The OpenTelemetry Demo is a complete, production-like microservices application that demonstrates how modern observability works using:
- Distributed Tracing
- Metrics Collection
- Logs Correlation
- OpenTelemetry Collector Pipelines
- Visualization in Grafana + Jaeger
It is intentionally polyglot (many languages) and multi-service to simulate real-world cloud architectures.

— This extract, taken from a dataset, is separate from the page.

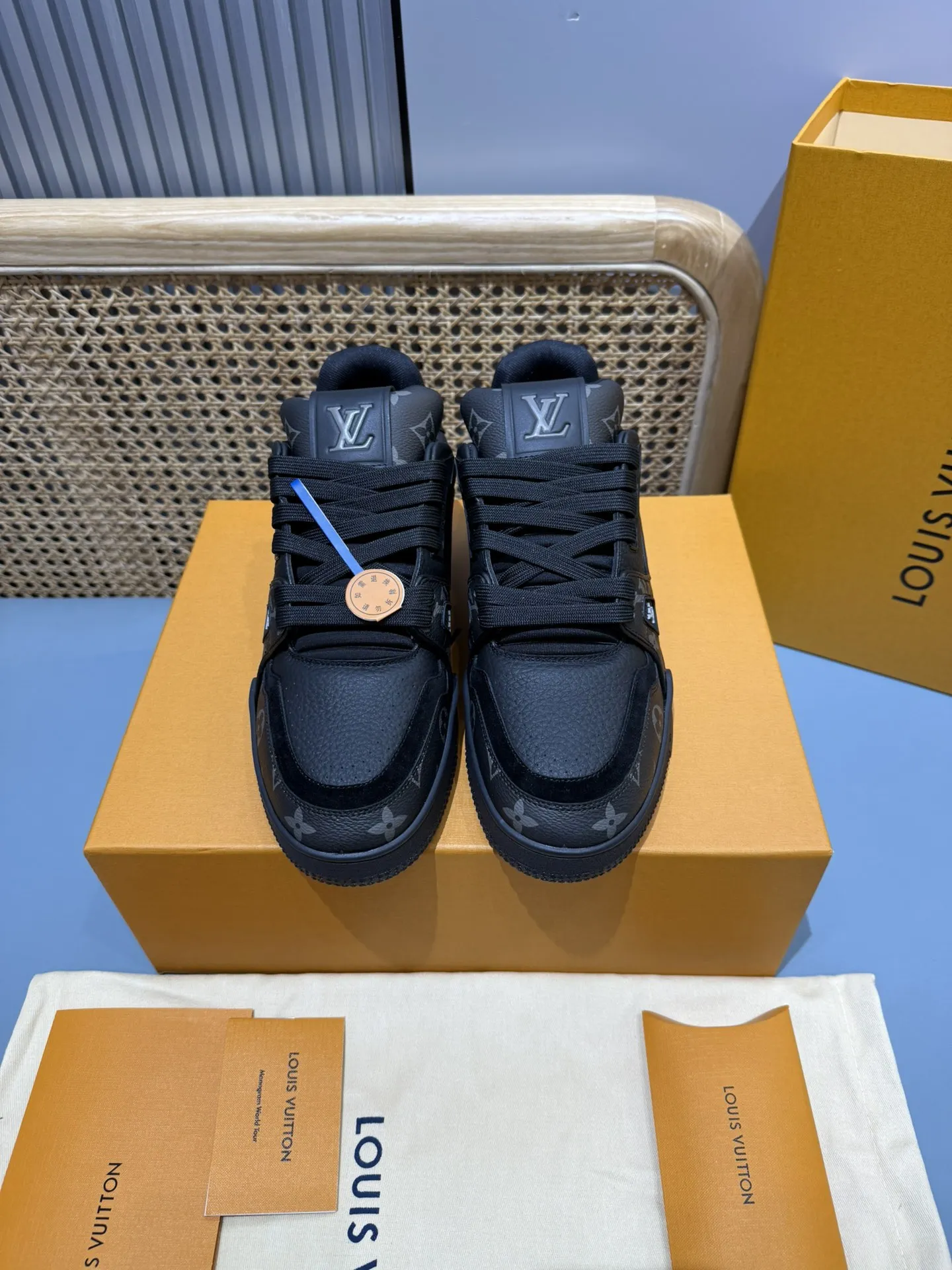 FastDry Louis Vuitton Trainer Monogram Black Sneakers – Replica Louis Vuitton Edition with Rep Shoes Style 422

User → Frontend → Envoy → Microservices → OTel Collector → Observability Backends
- 4–8 GB RAM
- Any OS (Linux / macOS / Windows)
- Docker + Docker Compose or
- Kubernetes + Helm
- Kubectl
- Internet access to pull images
- Grafana
- Jaeger
- Prometheus
- OpenSearch
Here is a visual understanding of the system structure:
+---------------------------+
| Web & Mobile Clients |
+---------------------------+
|
v
+-----------------------------------+
| Envoy Frontend Proxy |
+-----------------------------------+
|
v
+---------------- Backend ----------------+
| Product Catalog | Cart | Checkout |
| Payment | Shipping |
| Recommendation | Ads |
| Currency | Fraud Detection |
| Accounting | Email |
| Image Provider | ... |
+----------------------------------------+
|
+---------------------+
| Redis / Kafka |
+---------------------+
|
v
+----------------------------------------+
| OpenTelemetry Collector |
| (Receives → Processes → Exports) |
+----------------------------------------+
|
v
+----------------------------------------+
| Prometheus | Jaeger | Logs Backend |
+----------------------------------------+
|
v
+---------------+
| Grafana |
+---------------+
Below are visuals + explanations for each backend service type.

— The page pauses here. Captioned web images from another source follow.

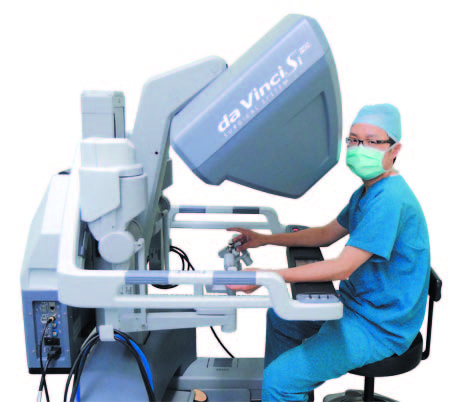 達文西機器手臂3D立體手術操作台（黃志平提供）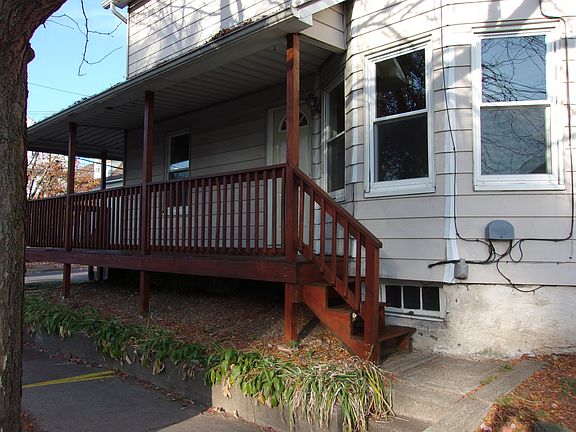 2nd image of 152 E Bennett St #1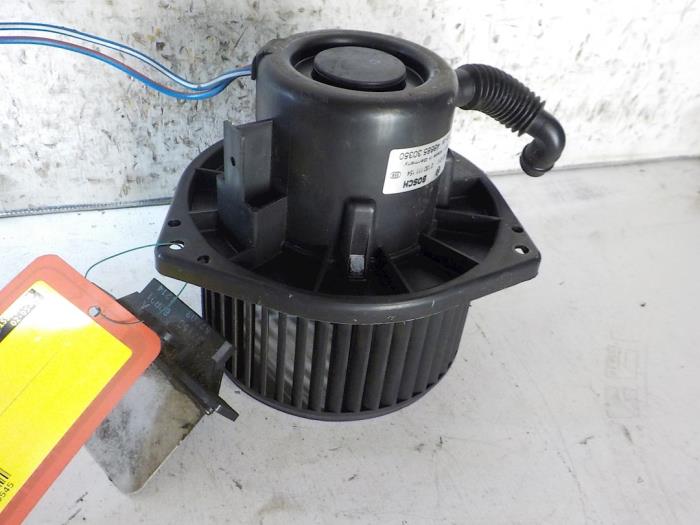 Motor de ventilador de calefactor de un Nissan Vanette (C23) 2.3 D E/Cargo 2002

Purpose Handles the user’s cart state:
- Add items
- Update quantities
- Remove items
- Calculate totals
Data Storage
- Uses Redis/Valkey for fast, real-time cart access.
Observability (OTel)
- Spans for every cart action
- Metrics for request count, latency, and errors
- Logs correlated with trace IDs
Example Trace (high-level)
Add Item → Redis Command → Response → Export Trace
Purpose
- Validate and authorize payments
- Interact with mock gateway
- Publish events to Kafka
- Participate in fraud-detection workflow
Observability
-
Span example:
"payment.authorize" -
Attributes tracked:
- Amount
- Currency
- Payment result
-
Errors captured and linked to same trace
-
Metrics: success rate, latency distribution
Simplified Flow
Checkout → Payment → Kafka Event → Fraud Detection → Checkout Response
Purpose
-
Scrapes metrics from the OpenTelemetry Collector
-
Stores time-series data for:
- Latency
- Request Volume
- Error Rates
- CPU / Memory Usage
Why It Matters
Prometheus allows the system to answer questions like:
- “What is the P95 latency of Checkout?”
- “Is the Cart error rate increasing?”
- “Did the new deployment slow down the Payment Service?”
Purpose
Grafana is the central UI for:
- Metrics (Prometheus)
- Traces (Jaeger)
- Logs (OpenSearch, Loki, etc.)
Capabilities
- Build performance dashboards
- Drill down from a spike → specific trace → related logs
- Combine business and technical metrics in one view
The OpenTelemetry Demo aims to:
Provide an end-to-end, realistic example of distributed tracing, metrics, and logging.
Demonstrate how modern cloud-native systems should integrate OpenTelemetry.
Allow teams to:
- Test new exporters
- Experiment with collector pipelines
- Validate service instrumentation patterns
A vendor-neutral environment for backend compatibility testing.